▶ _TASK_: Pull each line with the string "support" from the entries.

---

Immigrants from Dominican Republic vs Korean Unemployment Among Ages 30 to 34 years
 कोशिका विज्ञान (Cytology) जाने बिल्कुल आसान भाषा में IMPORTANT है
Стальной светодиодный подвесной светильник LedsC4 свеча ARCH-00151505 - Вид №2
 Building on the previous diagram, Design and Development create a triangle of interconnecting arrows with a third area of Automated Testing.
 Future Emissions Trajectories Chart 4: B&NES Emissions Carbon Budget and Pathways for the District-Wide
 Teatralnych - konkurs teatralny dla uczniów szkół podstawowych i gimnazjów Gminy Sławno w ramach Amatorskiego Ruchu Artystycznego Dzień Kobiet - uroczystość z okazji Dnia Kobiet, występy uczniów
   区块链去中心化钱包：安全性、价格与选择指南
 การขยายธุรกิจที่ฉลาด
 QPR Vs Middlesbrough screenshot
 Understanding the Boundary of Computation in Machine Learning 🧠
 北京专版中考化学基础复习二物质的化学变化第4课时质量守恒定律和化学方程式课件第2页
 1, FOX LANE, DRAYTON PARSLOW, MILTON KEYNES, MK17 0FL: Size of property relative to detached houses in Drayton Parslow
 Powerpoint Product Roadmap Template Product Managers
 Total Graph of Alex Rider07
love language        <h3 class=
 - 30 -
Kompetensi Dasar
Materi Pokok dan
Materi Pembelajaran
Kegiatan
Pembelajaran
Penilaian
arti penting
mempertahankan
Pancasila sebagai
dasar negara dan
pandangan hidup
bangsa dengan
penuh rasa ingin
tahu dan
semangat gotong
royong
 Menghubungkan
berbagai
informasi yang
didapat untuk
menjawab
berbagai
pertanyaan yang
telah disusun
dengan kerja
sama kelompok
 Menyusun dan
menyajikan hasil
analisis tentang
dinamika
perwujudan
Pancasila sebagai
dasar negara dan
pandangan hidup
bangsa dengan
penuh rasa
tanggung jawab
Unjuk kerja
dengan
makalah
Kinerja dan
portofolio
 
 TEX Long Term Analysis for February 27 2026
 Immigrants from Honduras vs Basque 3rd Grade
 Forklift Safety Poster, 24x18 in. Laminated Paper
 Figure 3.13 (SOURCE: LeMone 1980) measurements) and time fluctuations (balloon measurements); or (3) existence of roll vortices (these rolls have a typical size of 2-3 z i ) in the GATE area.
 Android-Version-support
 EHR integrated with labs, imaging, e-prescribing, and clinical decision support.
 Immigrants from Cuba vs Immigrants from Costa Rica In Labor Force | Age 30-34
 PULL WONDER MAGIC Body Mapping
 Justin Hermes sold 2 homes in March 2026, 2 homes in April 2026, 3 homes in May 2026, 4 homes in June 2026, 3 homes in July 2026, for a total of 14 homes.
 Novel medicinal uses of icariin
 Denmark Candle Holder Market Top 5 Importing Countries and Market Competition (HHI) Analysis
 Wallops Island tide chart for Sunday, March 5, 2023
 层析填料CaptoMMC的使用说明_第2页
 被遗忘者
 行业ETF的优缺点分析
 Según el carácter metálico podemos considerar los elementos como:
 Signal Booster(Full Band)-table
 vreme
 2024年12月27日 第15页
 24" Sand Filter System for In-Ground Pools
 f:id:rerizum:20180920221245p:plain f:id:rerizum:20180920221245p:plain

---

▶ _EXERCISE RESULT_:
 Android-Version-support
 EHR integrated with labs, imaging, e-prescribing, and clinical decision support.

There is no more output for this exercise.